Some Americans are old enough to remember pulling up to the pump at gas stations advertising fuel in cents per gallon, not dollars. For many Libyans, that’s the way it has always been and should continue to be in this sparsely populated oil-producing country.
At a Tripoli gas station on a recent afternoon, popular opinion among local Libyans appears to be that the government would keep the prices low, around 60 cents a gallon, or bring them down even further.
Khalifa Mishkel, a 50-year-old taxi driver, says higher gas prices are unacceptable because Libya is a rich country.
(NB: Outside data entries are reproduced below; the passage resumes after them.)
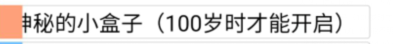 人生重开模拟器怎么活到100岁 活到100岁天赋推荐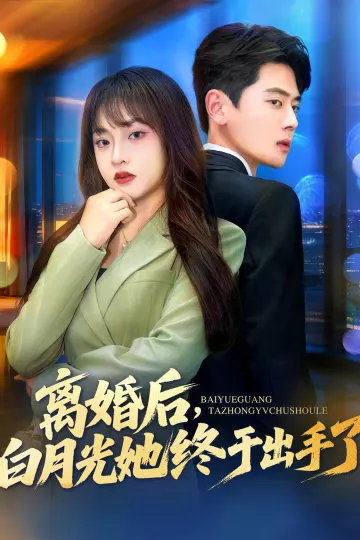 离婚后,白月光她终于出手了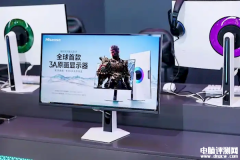 海信大圣G9發(fā)布 全球首款3A原畫顯示器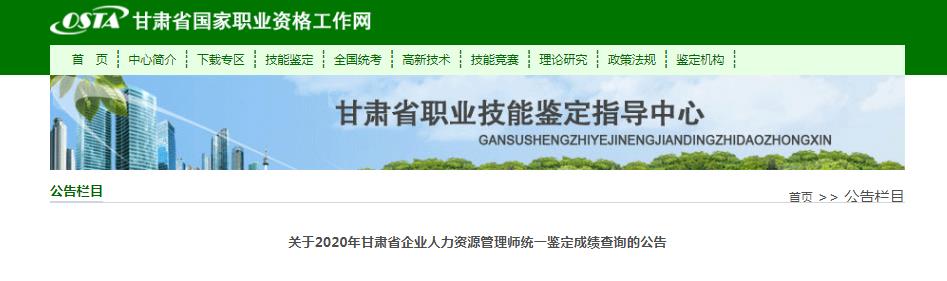 2020年甘肃省企业人力资源管理师统一鉴定成绩查询的公告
Gasoline, electricity, water: These things, he says, should be not just cheap but free to all Libyans.
Westerners looking at the new Libya from afar tend to offer recipes for recovery that feature widespread privatization of state-owned companies and a robust private sector that takes over the tasks of job and wealth generation.
A recent op-ed piece by Jay Hallen, a financial consultant with experience in Iraq and Egypt, argued that former leader Moammar Gadhafi’s moves to virtually eliminate property rights must be reversed, and that Libya’s oil wealth should be used to create venture capital funds.
But such prescriptions offer no help when it comes to changing the deeply ingrained instincts of Libyans to rely on the government for just about everything.
Taxi driver Nasser Gadour says that just before the Tunisian revolution, Gadhafi tried to raise gas prices to a shocking $1 a gallon. But even a dictator of four decades had to back down in the face of public outrage.
Transition To A New Libya
In their 2007 book on the Libyan economy, authors Waniss Otman and Erling Karlberg call the Libyan worker under Gadhafi “one of the most protected in the world,” adding that Libyans have a “subsidy mentality,” and a “job for life outlook which has ill-prepared Libyans for the more aggressive and cut-throat world of competition.”
Ali Tarhouni, Libya’s acting finance and oil chief, says he hopes the new Libya will feature a smaller government and a larger and freer private sector, but he has no illusions that it will be an easy transition.
“The challenge here is that this is a welfare state,” Tarhouni says. “What makes it challenging is that right now the level of expectations of the people are very high, and that the government will deliver even more rather than less.”
Tarhouni says Libya’s fundamentally weak private sector and 40-year history of corruption also present a challenge for the country’s economy.
One Libyan businessman is on a mission to change the subsidy regime, and eventually to end it. Husni Bey, CEO of HB Group, a collection of import/export, trading and logistics companies, says the government is spending 1,000 dinars — a little over $800 — on the average Libyan household each month. If that’s the case, Bey says, then why does Libya have poor?
“We have poor because the subsidy in goods in rations is smuggled, stolen, abused [and] corrupt,” Bey says. “So you are just fueling inflation, disappearance of the cash currency which we can see here in Libya and a few people making lots of money.”
Bey says he believes that subsidy reform will not only free up the private sector, but will reduce the percentage of Libyans — now estimated at 40 percent — living below the poverty line.
But as any number of governments from Indonesia to Iran to Egypt have found, weaning a population off a subsidy-heavy lifestyle is easier said than done. Analysts say a brand-new Libyan government is unlikely to put that at the top of its to-do list.